Directors and executives in the spotlight

There are three jobs you don't want: prime minister of Australia, and director or senior executive of an Australian public company. While the job churn and media focus is tough for the titular leader of Australia, you have more chance of going to jail, seeing bad photos of yourself and your family in the paper and your children copping a hard time at school if you're a member of a board or the top team. That's not how it was meant to be.

The listed public company structure is now 416 years old. It was founded when the hot technologies were the slide ruler, the pocket watch and the reflecting telescope, and the best pieces of communication infrastructure were the horse and boat, so it's worth asking if the public company is past its use by date. Not that the Dutch East India Company wasn't the buy of the decade in the 1600s - at one stage its shares were up 3000 per cent on its IPO and it paid dividends of up to 63 per cent. Plus, the world's first multinational knew how to fix competitors: two years after listing, its employees found 10 Englishmen from a rival company trying to take business from them so they beheaded them.

The listed public company was created to raise capital.

Two hundred years later, the creation of the limited company meant shareholders didn't risk losing all their personal assets or heading into debtors' prison if a company went belly-up. This combination of access to capital and limited risk fuelled global industrial growth and the occasional stockmarket crash.

In 2018, shareholders are relatively safe from prosecution and persecution; directors and executives are not so lucky.

Elmer Funke Kupper, former CEO of Tabcorp, became chief executive of ASX in 2011, remaining on the board of Tabcorp. In 2016, the AFP began an investigation into an issue at Tabcorp.

At Tabcorp and ASX, Funke Kupper created serious value for shareholders. On news of the investigation, he did the right thing and stepped down from both positions, while denying any wrongdoing. The media stalked him at home and his face was all over the news. That was more than two years ago and it is understood that the AFP still hasn't contacted him.
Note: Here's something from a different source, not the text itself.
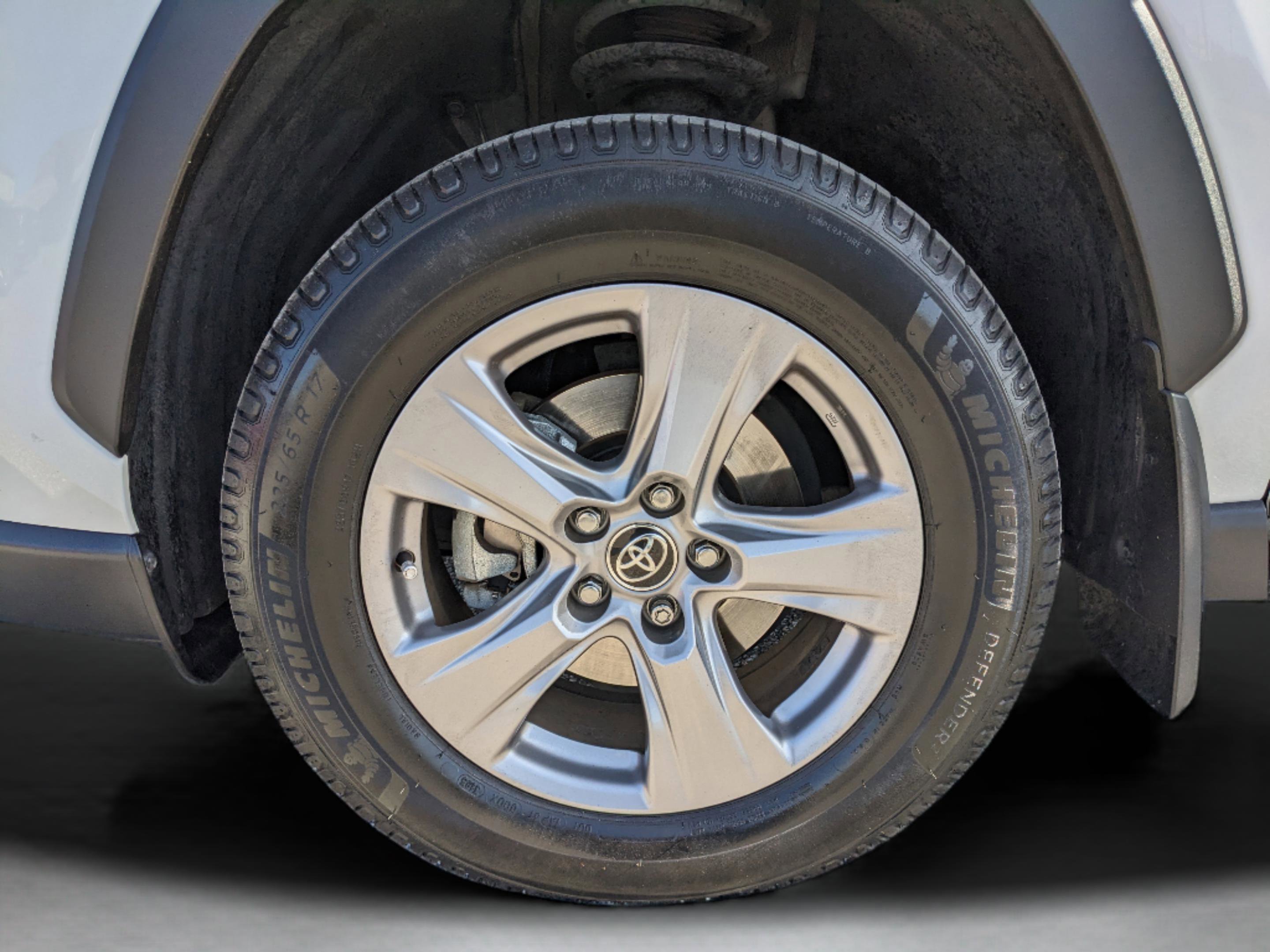 Used 2022 Toyota RAV4 XLE image 41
In June this year, the ACCC laid criminal charges against the ANZ, Citigroup, Deutsche Bank and six senior executives. The banking royal commission has accused NAB and CBA of possible criminal offences. If it's not criminal charges, then it's being treated like a criminal at a royal commission or a senate inquiry, or directors' private lives being given the sort of attention normally reserved for deviant celebrities. The idea that directors and executives might sometimes need to be sent to the slammer is only new to those who don't know our business history.

Remember the collapses of companies such as Adelaide Steamship, Bond Corporation and Bond Brewing; all three major commercial television networks; Budget; Fairfax; Pyramid; Tricontinental; Partnership Pacific; Elders Finance; State Bank of Victoria and the State Bank of South Australia? Justice John Mansfield led the royal commission into the State Bank collapse.

As Dr Greg McCarthy says, "in his report Mansfield focused on the legal basis for mounting prosecutions against members of the board and some of the managers, whose decisions could provide the basis for either civil or criminal prosecutions so as to get some of the money back". Trevor Sykes summed it up in his 1994 book The Bold Riders: "Never before in Australian history had so much money been channelled by so many people incompetent to lend it into the hands of so many people incompetent to manage it."

In 2018, you don't need to be listed to raise capital; there's a flood of it looking for a home, and that home is increasingly not publicly listed companies. The smart money is going into private equity, along with some of the smartest people. And a lot of the smartest people like focusing on performance rather than ever-expanding governance requirements. At the end of last year, 3600 companies were listed on US stock exchanges - just over half the number there were in 1997. Of the top 50 ASX companies in 1980, only 10 are listed today. Thirty-four were taken over and six have underperformed.

As Justice Michael Kirby said 20 years ago: "Where is the modern equivalent of the legal imagination that gave birth to the highly successful idea of the limited liability company?

On the brink of a new millennium, we should be thinking creatively about the ways in which the law can facilitate economic development, and not simply coerce, regulate and control its occasional errors and ugly manifestations.